If you had visited Cape Cod Community College on the second Wednesday of last month, there would have been nothing discernible about Victoria Chase. She was not unlike any of her fellow students on campus, preparing for midterm exams in the two classes she is taking this semester, 3D Mechanical Design and Human Communications. Perhaps the only difference between Chase and her classmates was the smile that graced her face as she walked from her design class to her advisor Dr. Colleen Coughlin’s office.

There is a reason for that smile. A little over two years ago, Chase never could have imagined she would be where she is today, a proud mother of two children, balancing two part-time jobs as she works towards a degree in civil engineering. Somehow she also manages to lead two recovery groups on Cape Cod for those who are going through similar struggles that she did prior to arriving at Angel House in the summer of 2015.

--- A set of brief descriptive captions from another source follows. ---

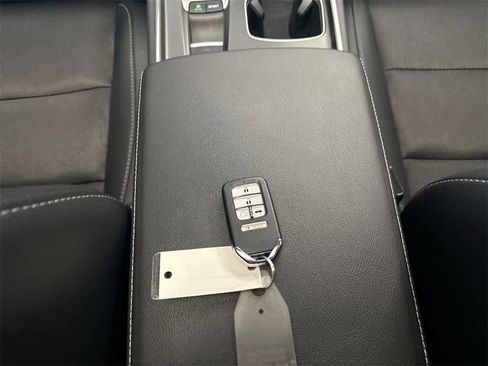 Used 2020 Honda Accord Sport image 35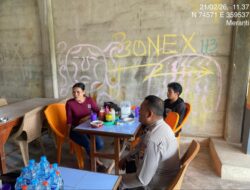 Unik! Saat Patroli Siang, Polisi Meranti Justru Nongkrong Bareng Warga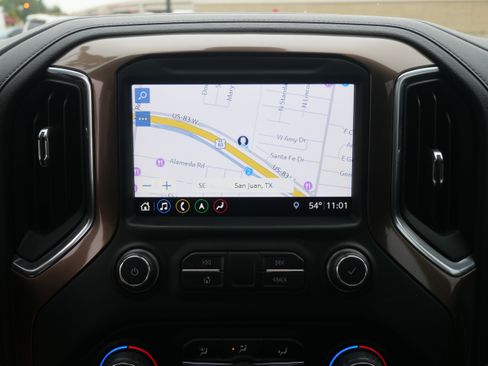 Used 2019 Chevrolet Silverado 1500 High Country image 24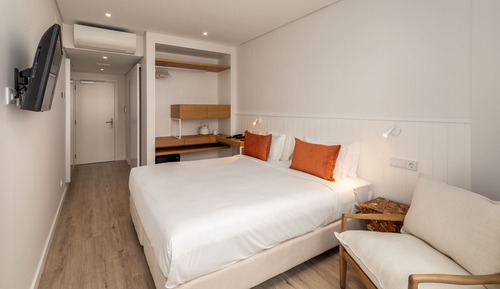 Habitación superior con 1 cama doble o 2 individuales, balcón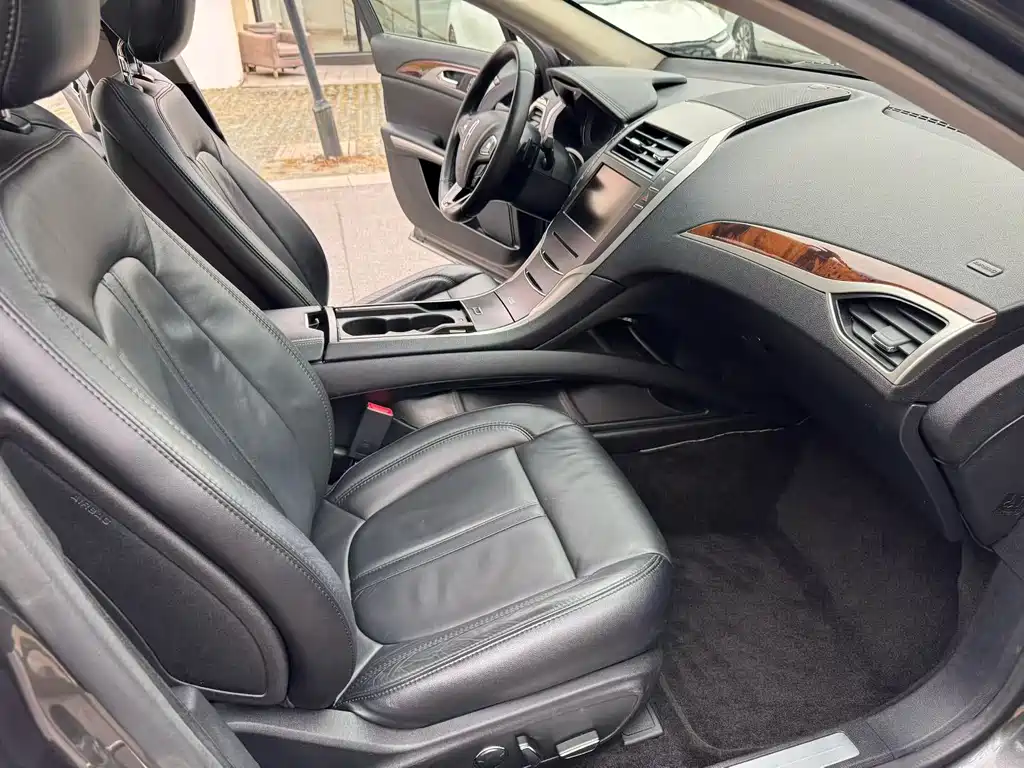 Lincoln MKZ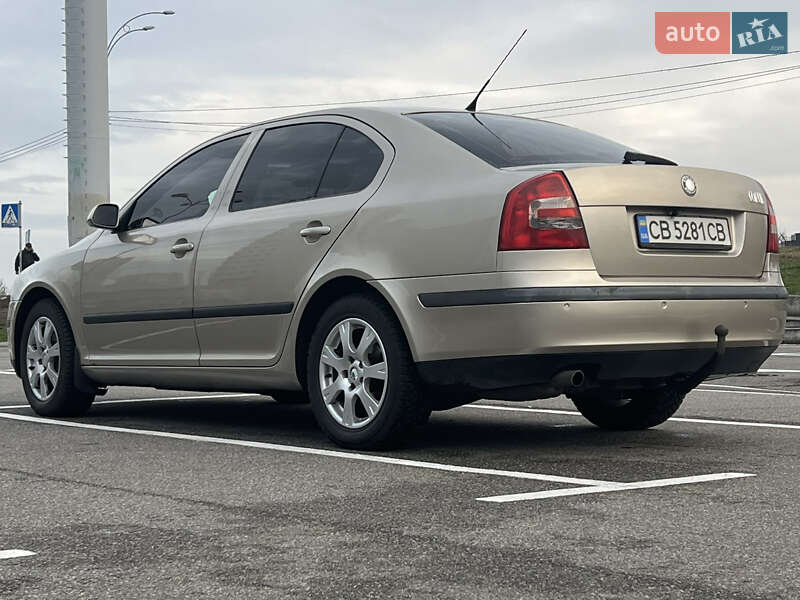 Лифтбек Skoda Octavia 2004 в Киеве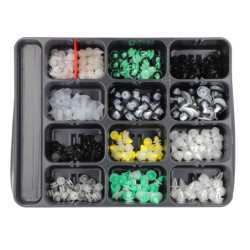 ASSORTMENT TRAY OF DOOR PANEL TRIM CLIPS RENAULT TYPE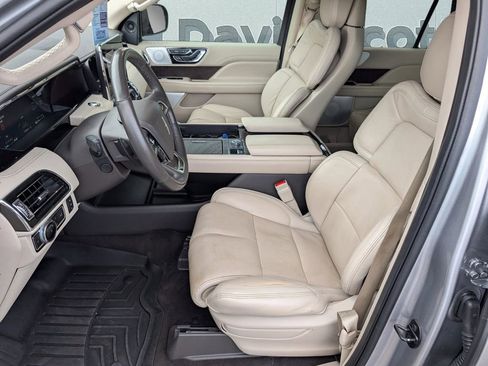 Used 2021 Lincoln Navigator Reserve w/ Luxury Package image 18
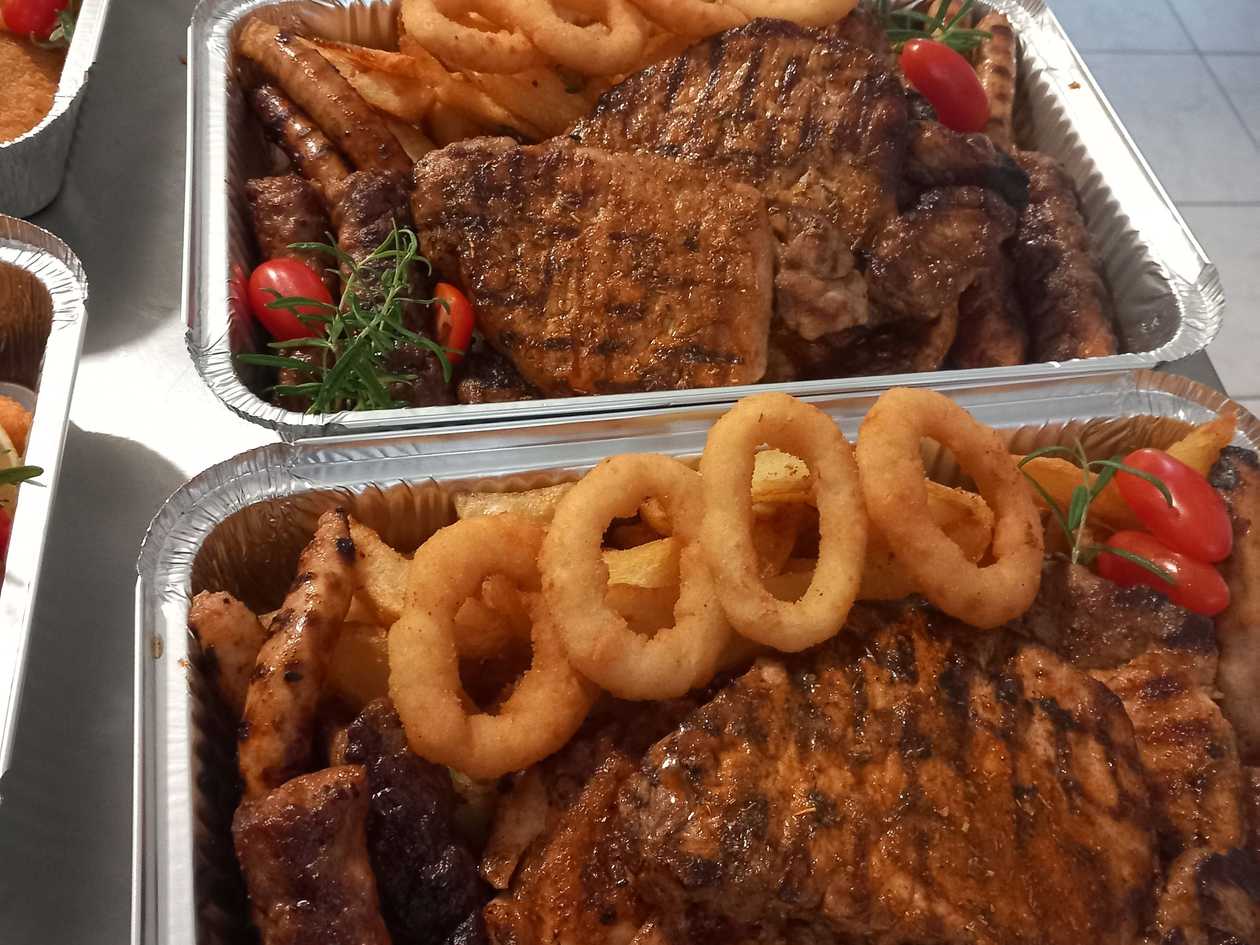 Platoul casei (grătar)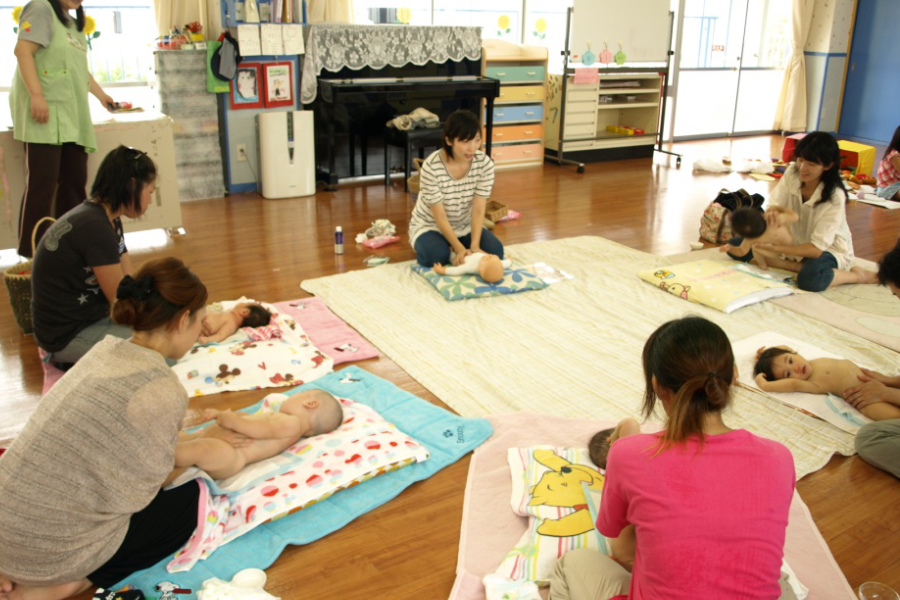 Le massage baby shiatsu - relaxation pour les bébés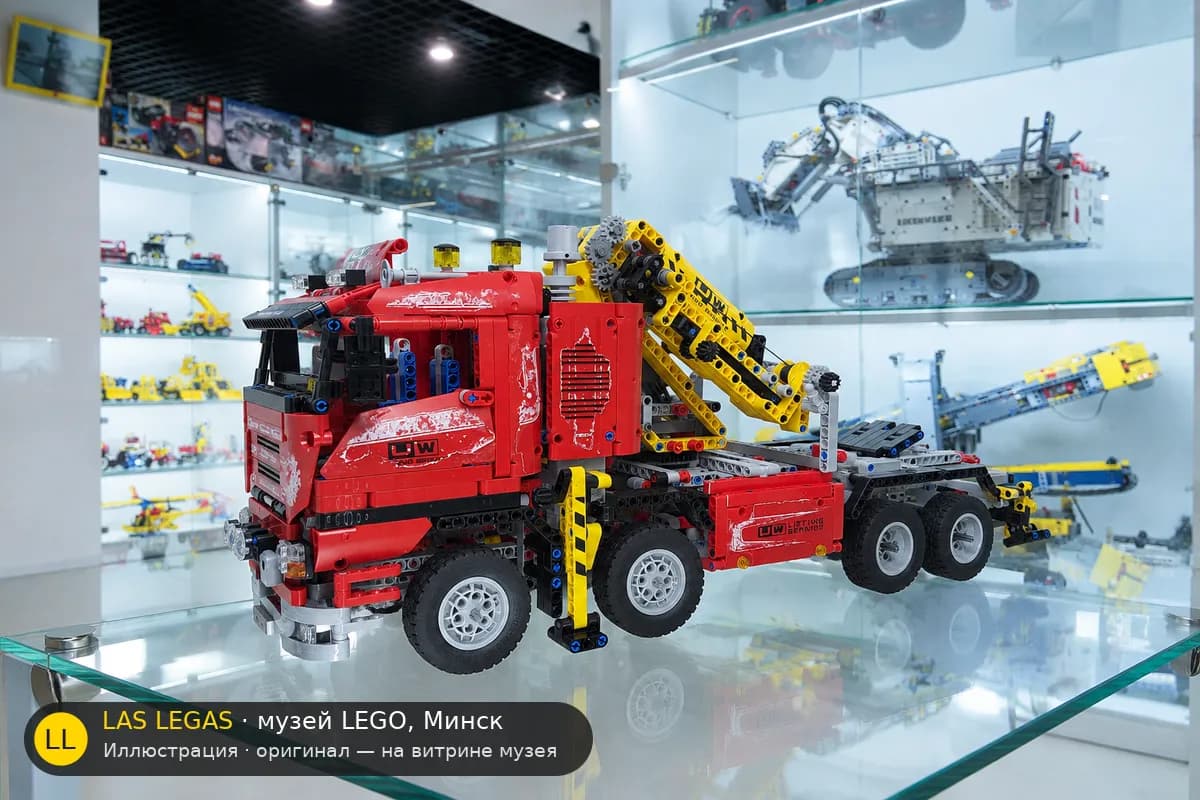 Иллюстрация: LEGO 8258 Автокран на витрине в зале музея Las Legas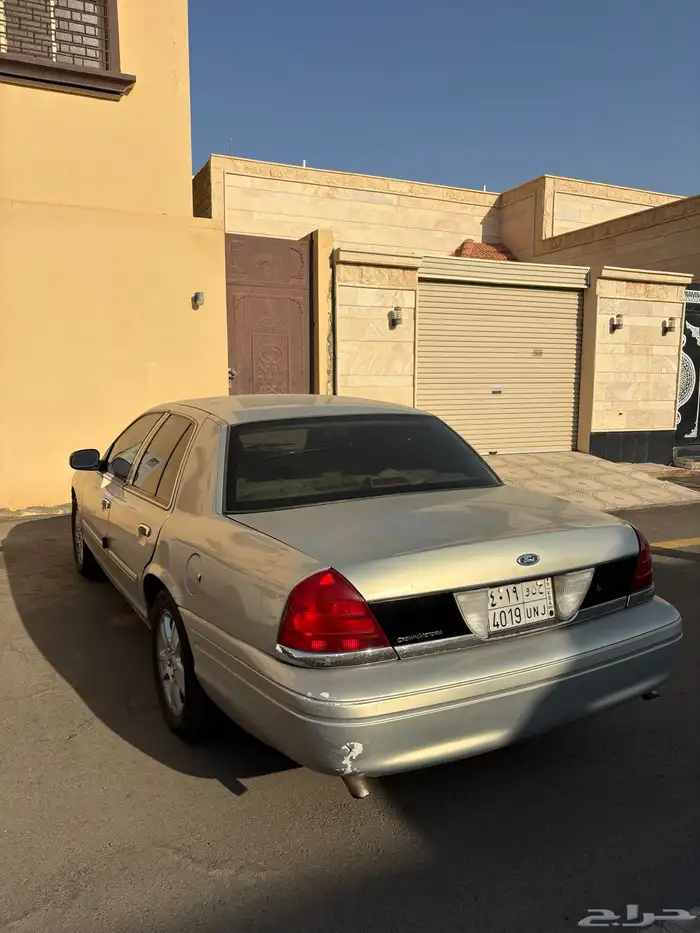 فورد فكتوريا 2011 سعودي للبيع 5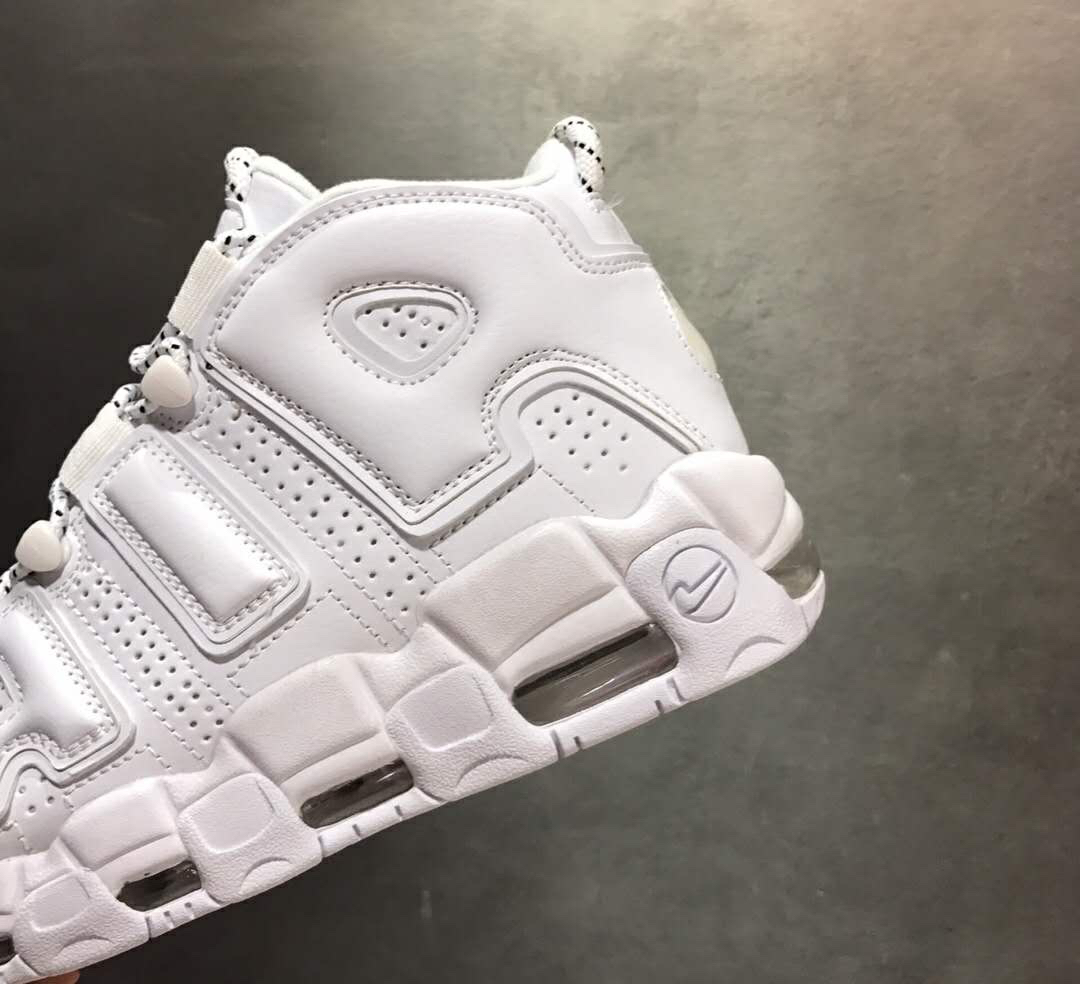 19SSNike Air More Uptempo QS スニーカー 男 レディース A00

“At my lowest, I was sleeping in my car with my kids,” Chase said, the result of an addiction to drugs.

By the time she entered Angel House, she had spent nine months without her children who were living with her mother and grandmother. Four days later, she was reconnected with them. “It was a tough transition for me,” Chase recalled. “I think I cried every day for a month and a half.”

Slowly, the pain subsided and Chase began the path towards healing. Over the course of the next 12 months, she was able to maintain her sobriety with the support of Angel House staff and the stability that the shelter provided her.

A New Direction for Chase
In April 2016, she landed a job at Home Depot in Hyannis, where she currently works as the lead cashier. Three months later, she graduated from Angel House, but remained on-site, living in one of two transitional apartments with her children. She is now living in an apartment in Hyannis, utilizing an MRVP housing voucher to pay a portion of her rent.

Having housing, Chase said, “is huge. It means I have a place to call home. It means stability… The number one thing you need to move forward is a roof over your head.”

Last fall, she enrolled at Cape Cod Community College, earning a 4.0 in her first semester. Her goal is to one day engineer and design buildings that fit within the landscape of cities and towns. Her story “is amazing,” said Dr. Coughlin. “It is so impressive to me the adversity she has been through and what she has overcome.”

Angel House shelter director Lin Rohr agreed. “The transformation from when she came to now, you wouldn’t recognize her,” Rohr said. “She has just taken off and blossomed in an incredible way. It gives them [current clients] a living example of hope. It’s like, ‘If she can do it, I can do it.’”

It’s something Chase is immensely proud of and it’s why if you see her on campus at Cape Cod Community College, she’ll most likely have a smile on her face. “I always knew I was meant for something better. I never felt like my life should be spent living in a car,” she said. “Now I have an opportunity to do what I want to do… And I get to give my kids the life they deserve which is pretty awesome.”